The hero, Arthur Vincent, is very young and naive.  Straight out of the seminary, he hopes to preside over an intellectual circle.  That his parishioners are materialistic, smug tradesmen disturbs him.  A poor widow's son, Vincent is a snob. His mother, a refined minister's widow, knows diplomacy is imperative.  Vincent, on the other hand, is idealistic and passionate and doesn't find it worthwhile to compromise with less-enlightened souls.   He is an excellent preacher and moves the townspeople, but has no interest in socializing with his parishioners. He is much more fascinated by the beautiful Lady Western, who is not a church member.  Oliphant loves struggling ministers:  The Rector and The Perpetual Curate are two of the six volumes in the Carlingford series.

In the opening pages of Salem Chapel, Oliphant introduces the young Mr. Vincent with a mix of humor, irony, and admiration. 

"Mr. Vincent arrived at Carlingford in the beginning of winter, when society in that town was reassembling, or at least reappearing, after the temporary summer seclusion.  The young man knew very little of the community which he had assumed the spiritual charge of. He was almost as particular as the Rev. Mr. Wentworth of St. Roque's about the cut of his coat and the precision of his costume, and decidedly preferred the word clergyman to the word minister, which latter was universally used by his flock; but nothwithstanding these trifling predilections, Mr. Vincent, who had been brought up upon the 'Nonconformist' and the 'Eclectic Review,' was strongly impressed with the idea that the Church Establishment, though outwardly prosperous, was in reality a profoundly rotten institution..."

It is impossible not to like Mr. Vincent--who is no different from many of us when young--though he is often irritating.  Mr. Tozer, a churchwarden, constantly gives him good advice, but Vincent doesn't understand the importance of remaining on good terms with the members of the church.  Mr. Tozer has his work cut out for him mediating between Mr. Vincent and everyone else.

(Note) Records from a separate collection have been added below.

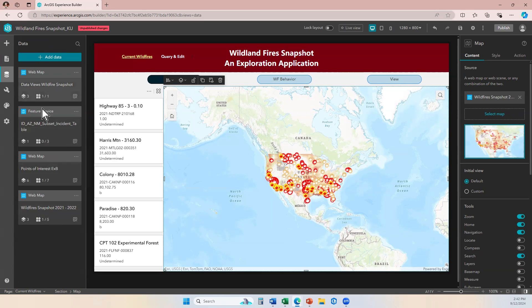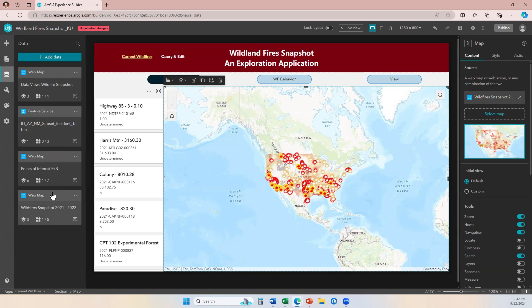Here you can see in my data panel, I have this wildfire snapshot 2021 to 2022. Let's say I want to add this same map to have access to the same layers.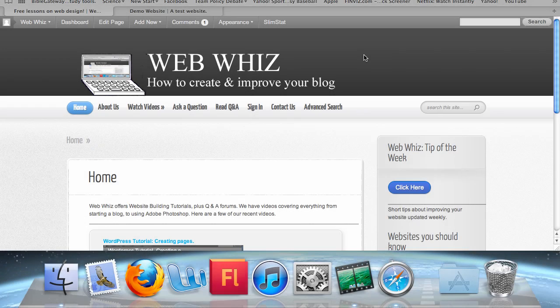Welcome to WebWiz! In this WordPress tutorial, I will show you how to add widgets to your website.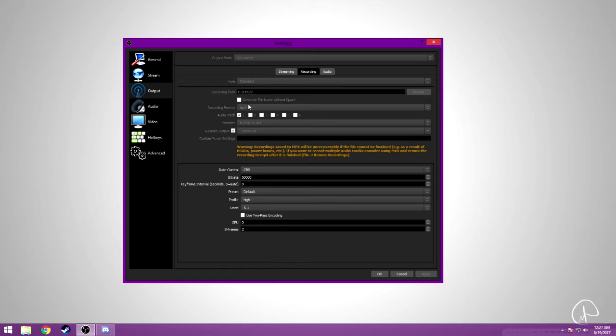So recording format, MP4. If you're using multiple audio tracks, you can use right here it tells you which ones to use. And then I have audio track one, just like my streaming settings.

Then the plot becomes overly elaborate: a mysterious older woman, Mrs. Hilyer, a poor needlewoman, attends Vincent's lectures and services.  Vincent, directed to visit her by an officious member of the parish, enjoys her conversation, though she frequently mocks him.  Here is the sensational twist:  It turns out that Mrs. Hilyer has a daughter, Alice, whom she has hidden in another town from her estranged abusive husband for years.  When her husband shows up in the area, she asks if Vincent's mother and his sister, Susan, will take care of Alice and her caretaker until he leaves the area.  But Mrs. Vincent shows up, distraught because an anonymous letter says Susan's fiance is already married.  And the next thing we know his sister, Susan, and Mrs. Hilyer's daughter have disappeared with their maids.  And it seems that Mrs. Hilyer's cruel husband has abducted them.  

Although the ensuing events don't seem very likely, what does seem likely is that the members of the church are furious when Vincent takes time off from work to search for his sister.  They consider him very highhanded to find a substitute for Sunday and to focus on personal matters.  Only Mr. Tozer understands.

Even during the sensational parts, I am a fan of this book.  If you like Stiegg Larson...  no, I'm joking.  I haven't read Stieg Larsson.  But Salem Chapel is a well-written page-turner.  It is very hard to put this down to attend to one's work or holiday preparations.